Thursday, July 07, 2005

That stupid boy scout kid.

Whats wrong with this picture. I kind of was happy to find out this little piece of white trash was still running around in the hills of Utah after that long search. Then I found out they could of saved his ass a lot earlier. The parents kept bragging how their kid knew all these wilderness survival techniques from years of boy scouting and camping. But during the search, the parents conveniently left out the fact that their son was a bonified idiot with the brains of one of those lemmings that are always flying off a cliff. The kid knew to get away from trees and stick to wide open spaces so he can be easily spotted, but whats really moronic is the kid was supposed to be careful and stay away from strangers. The kid was sticking to the rules of looking for help in wide open spaces but kept hiding when someone got close to finding him?? This has got to be the single most stupid thing I ever heard. When I found out the kid could have been saved numerous times I wish a bear had eaten him. This is why its against the law for family members to reproduce. Next time one of those Inbred Jeds from Utah gets lost and they need to do a big search, I hope they remember this little retard. They should put him through one of those gauntlets like they did on the old ships when they caught someone stealing food. All the people that wasted their time in the search line up in two rows with sticks, ropes and 2 X 4s, while the person runs through them they just let him have it.
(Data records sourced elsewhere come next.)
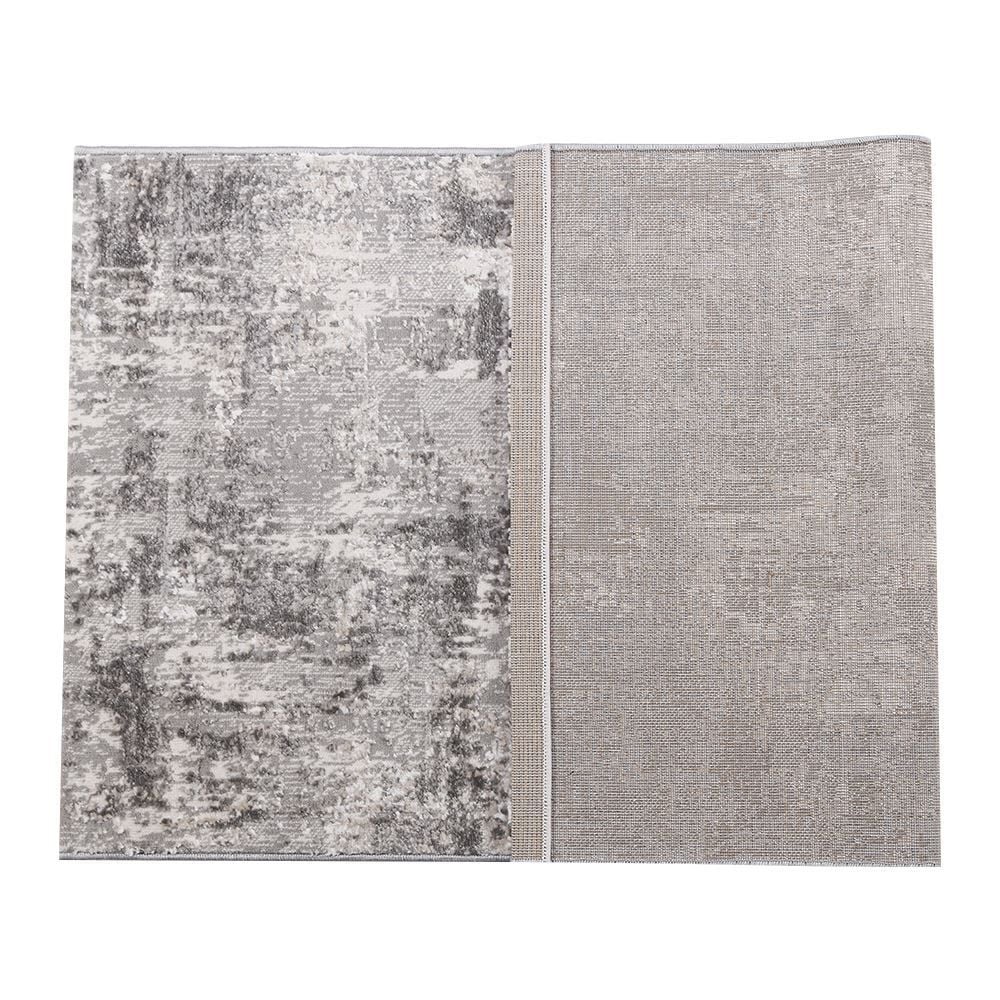 Tapete Para Quarto Ou Sala 0,80X1,50 M Ibiza Havan Casa - Vintage Cinza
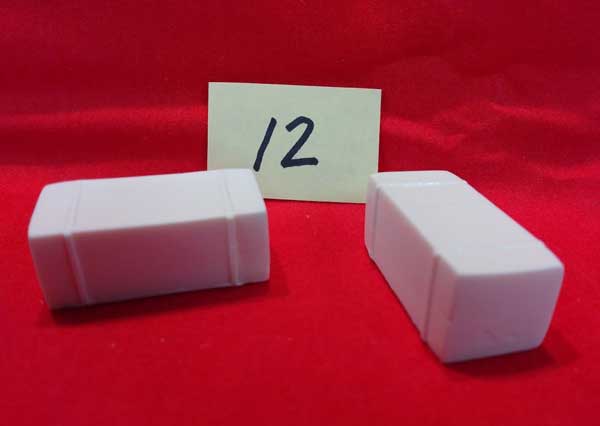 GT-12 Resin Gas Tank 2 Pack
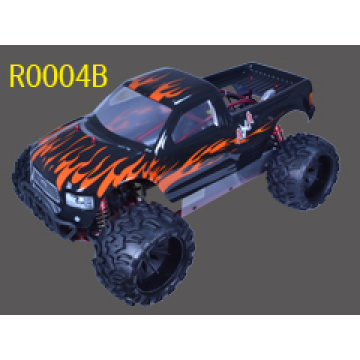 30cc 4wd 1:5 Scale Gas Powered Rc Car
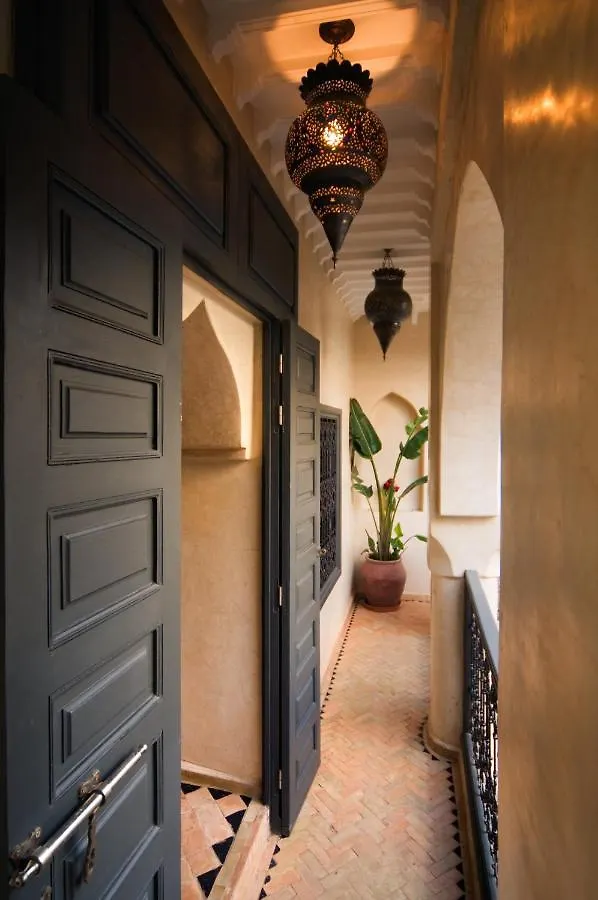 Riad Papillon By Marrakech Riad Marrakesh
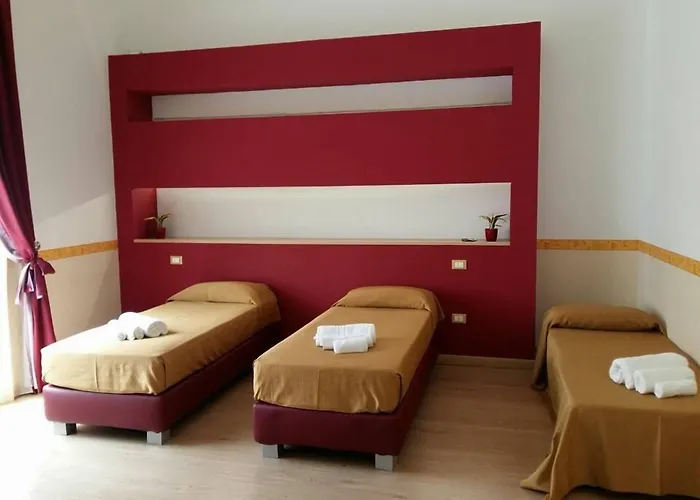 Bed & Breakfast The Queens 4*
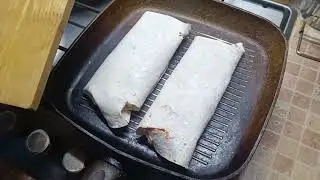 Донер куриный. Быстро. Вкусно. Полезно #рецепт #донер #еда #рецепты #food #cooking #family #вкусно 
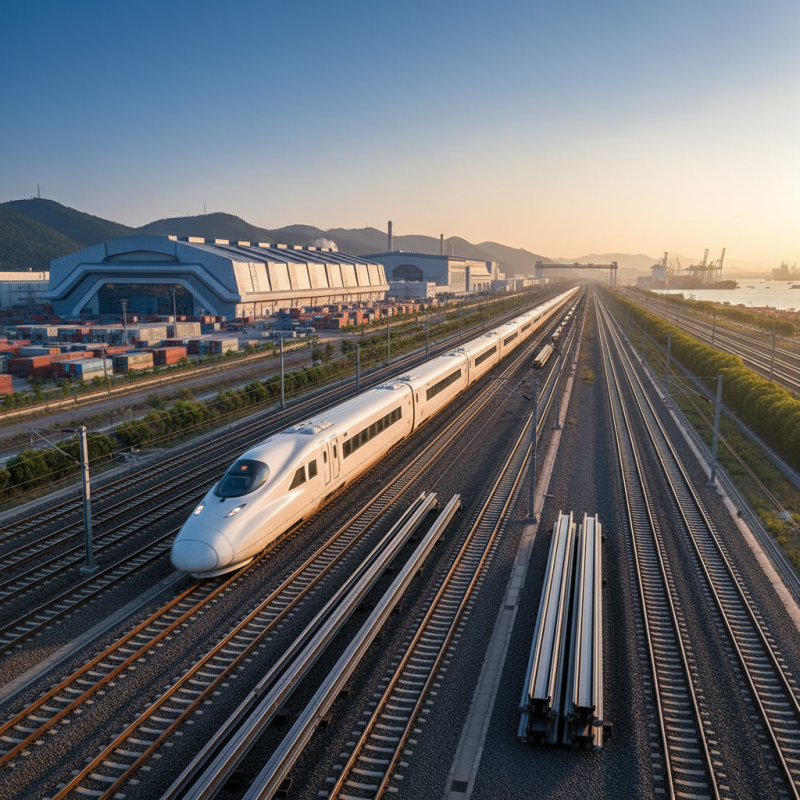 Top 10 Railroad Rail Suppliers in China for Global Buyers?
Allright, maybe thats a bit too drastic, but the getting eaten by a bear would be acceptable. This punk kid verifies everything I ever thought of the boy scouts. Their just a bunch of wimps. We used to laugh at them when we were kids and we'd call them the pickles. When we'd see them coming through the sage brush doing their expeditions we'd throw rocks at them and shoot them with our B.B. guns. You really wanna toughen up your kid and teach them the facts of life, then you do what my dad did. You just drop off your kid in the middle of the worst slum in New York and drive off telling the little bastard to find his way home.